There are other potentially harmful objects and situations at the beach:
  • Watch out for items in the sand that could be dangerous, such as syringes and broken bottles
  • If you’re in an area where bluebottles are found, keep an eye out for them
  • If you and your friends start digging a hole, be careful not to dig it beyond waist depth
  • Make sure you wear sunscreen at all times, reapplying frequently, and use insect repellent if flies or other insects are troublesome.
Watch out for items in the sand that could be dangerous, such as syringes and broken bottles

Water safety in rural areas

Rural environments have even more water hazards than urban and suburban areas. Children are at risk of drowning in dams and creeks, and in rivers where they water-ski and holiday on houseboats. Older children are particularly at risk if they attempt activities or levels of activity beyond their abilities.
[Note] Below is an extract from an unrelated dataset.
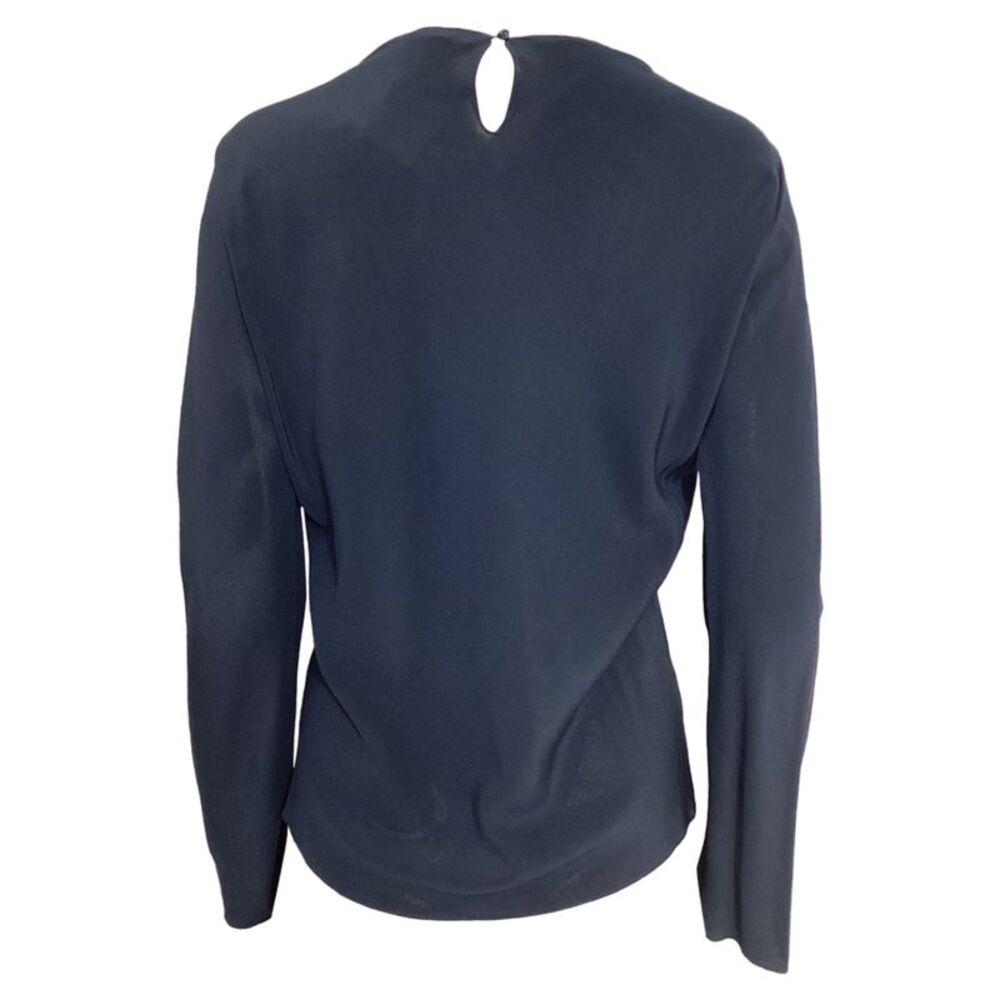 The Row Long Sleeve Blouse in Navy Blue Silk - Picture 6 of 6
If you live or holiday in a rural area which has a dam or other
water nearby:
  • Don’t go near it alone. It’s always best to have an adult with you
  • Don’t allow small children to go near it without adult supervision
  • Make sure you and your friends or siblings follow all rules about where and when it’s possible to swim.

10 surf safety tips

  •  Swim between the red and yellow flags at the beach. The red and yellow flags indicate the safest place to swim when lifeguards and lifesavers patrol beaches
  • Always swim or surf at places patrolled by lifesavers or lifeguards
  • Always swim under supervision
  • Read and obey the signs
  • If you are unsure of surf conditions, ask a lifeguard or lifesaver
  • Don't swim directly after a meal
  • Don't swim under the influence of alcohol or drugs
  • Always check the depth of the water
  • Never run or dive in the water. Even if you have checked the depth, water conditions can change
  • If you get into trouble in the water, stay calm. Signal for help, by holding up one arm and waving, float and wait for assistance.